La SEM est un acteur central dans la chaîne d’exploitation de la forêt.
Les importations massives ne permettent plus aux forestiers d’écouler le bois d’œuvre extrait des coupes des forêts territoriales, communales et privées.
Le bois énergie représente pour les trois derniers forestiers, une activité non négligeable.
La filière est moribonde. Les coupes ne se vendent plus. La filière connaît un point de rupture avec l’absence de séchoir sur l’île. Une certification du bois qui tarde à arriver et par-dessus tout, une interprofession en phase de réorganisation.
L’Exécutif a pris la bonne mesure de la situation et s’attelle à la relance de la filière au travers d’actions coordonnées entre l’Odarc, l’Adec, l’AUE dans le cadre de la PPE, et la direction «Dynamique des territoires ».

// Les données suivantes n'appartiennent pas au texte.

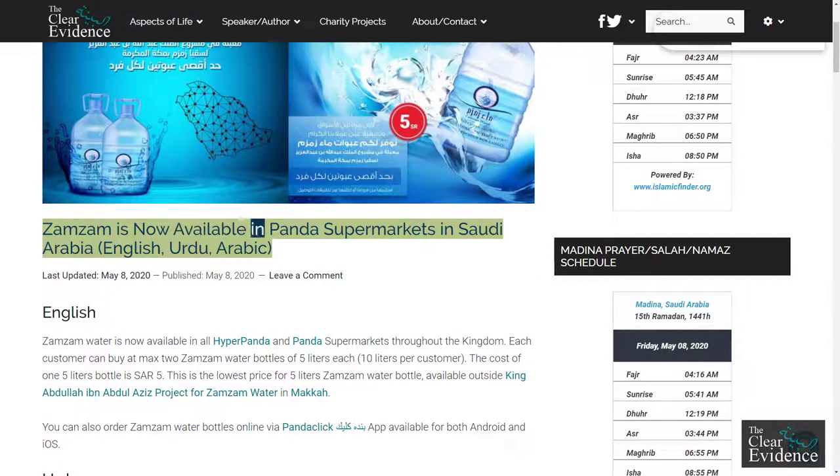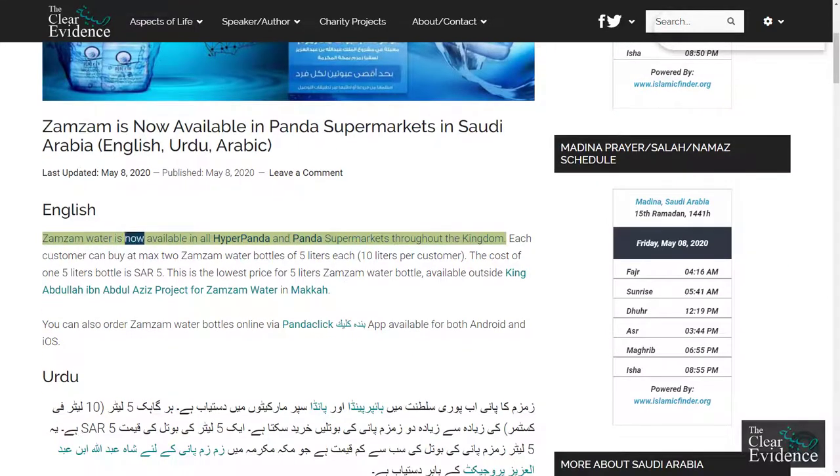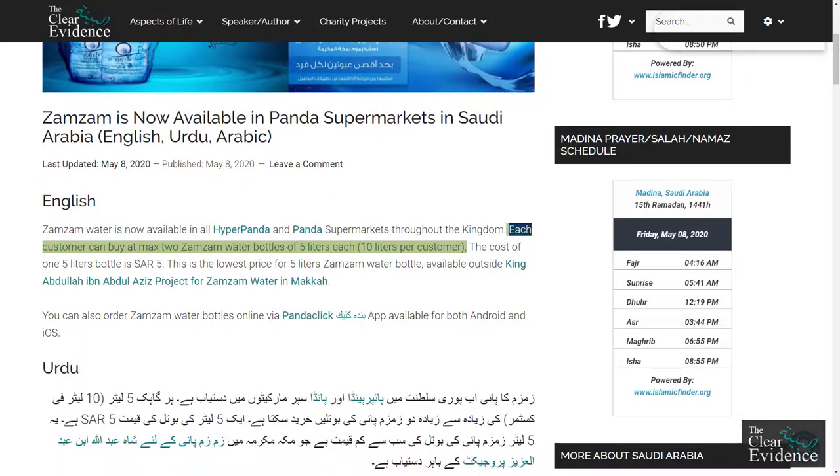Zamzam water is now available in all Hyper Panda and Panda supermarkets throughout the kingdom. Each customer can buy a maximum of 2 Zamzam water bottles of 5 liters each, totaling 10 liters per customer.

Des appels à projets pouvant financer des équipements structurants ont été lancés, la certification du bois est attendue dans les prochains mois, d’autres possibilités d’exploitation de la forêt ont été mises en place avec l’ONF, le CRPF a trouvé un écho au sein de l’Exécutif, et la volonté forte de l’Exécutif à mener une politique exemplaire en matière de rénovation et de construction bois sur ses propres biens immobiliers sont autant de décisions qui convergent vers la mise en marche de cette filière et le développement de l’intérieur de l’île.

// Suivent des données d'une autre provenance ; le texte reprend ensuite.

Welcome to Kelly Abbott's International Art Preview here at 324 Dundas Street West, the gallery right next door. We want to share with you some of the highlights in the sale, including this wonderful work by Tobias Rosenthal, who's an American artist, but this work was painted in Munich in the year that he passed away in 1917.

Vous êtes aussi, surtout, l’une des élus du groupe Femu a Corsica les plus expérimentés (et l’on pourrait dire la même chose au niveau de Pè a Corsica), tant au niveau du militantisme que de l’expérience de l’élue. Comment ça fonctionne au sein du groupe ?
Les élus sont tous très impliqués, complémentaires et dans un très bon état d’esprit. Les nouveaux ont vite pris leurs marques. Nos relations avec le groupe Corsica Libera sont excellentes. Des réunions de la majorité en présence des Présidents de l’Assemblée et de l’Exécutif, nous donnent l’occasion d’échanger sur les sujets d’actualité, sur les rapports à l’ordre du jour et d’analyser les situations politiques. Tout ceci est extrêmement formateur.
Après les annonces récurrentes de « fusion » ou même « d’organisation » plus poussée… l’avenir de Femu a Corsica n’est toujours pas lisible pour l’électeur lambda… comment faire pour que cela se concrétise ?
Notre priorité aujourd’hui, c’est de créer Femu a Corsica en grand parti de gouvernement.
La fusion des trois entités doit se faire rapidement. Nous avons déjà du retard. Les militants, et plus largement toute l’audience, ont hâte de voir éclore ce grand parti ; ils aspirent à participer à cette belle construction porteuse de paix et d’espoir.
La relation permanente avec le terrain, l’articulation avec le gouvernement et l’Assemblée délibérante mais également nos rapports souvent tendus avec l’État et notre représentation future à l’Europe justifient ce besoin urgent de structuration.
Que faire face au chaud-froid soufflé par l’État au niveau institutionnel, entre des avancées positives (arrêté Miot, statut d’île-montagne, débat sur la fiscalité) et des refus, voire des dénis par ailleurs (langue, peuple, compétences nouvelles…) ?
Il faut continuer à progresser pour parvenir à se faire entendre de Paris ou Bruxelles. Et donc franchir une étape nouvelle. De 2010 à 2015, le groupe Femu a Corsica a servi de caisse de résonance; la coalition électorale a très bien fonctionné en mars et nous a conduit à la victoire en décembre. Désormais, pour gagner politiquement, l’outil doit évoluer en parti structuré et constituer le berceau du renouvellement des élus et des cadres.
Des enjeux majeurs se présentent à nous : réussir le passage à la Collectivité Unique, la faire fonctionner, élargir son champ de compétences pour arriver à un statut d’autonomie et offrir aux Corses la possibilité de mieux vivre sur leur terre.
Vos objectifs pour 2017 ?
Mes objectifs opérationnels pour 2017 seront l’achèvement des travaux de renouvellement de la chaufferie et du réseau de chaleur de Corti, ma participation active aux premiers frémissements de la filière bois, l’animation de la commission sur des sujets essentiels, mon investissement dans l’exercice de la majorité et mon implication forte dans la construction rapide de Femu a Corsica au service de notre gouvernement.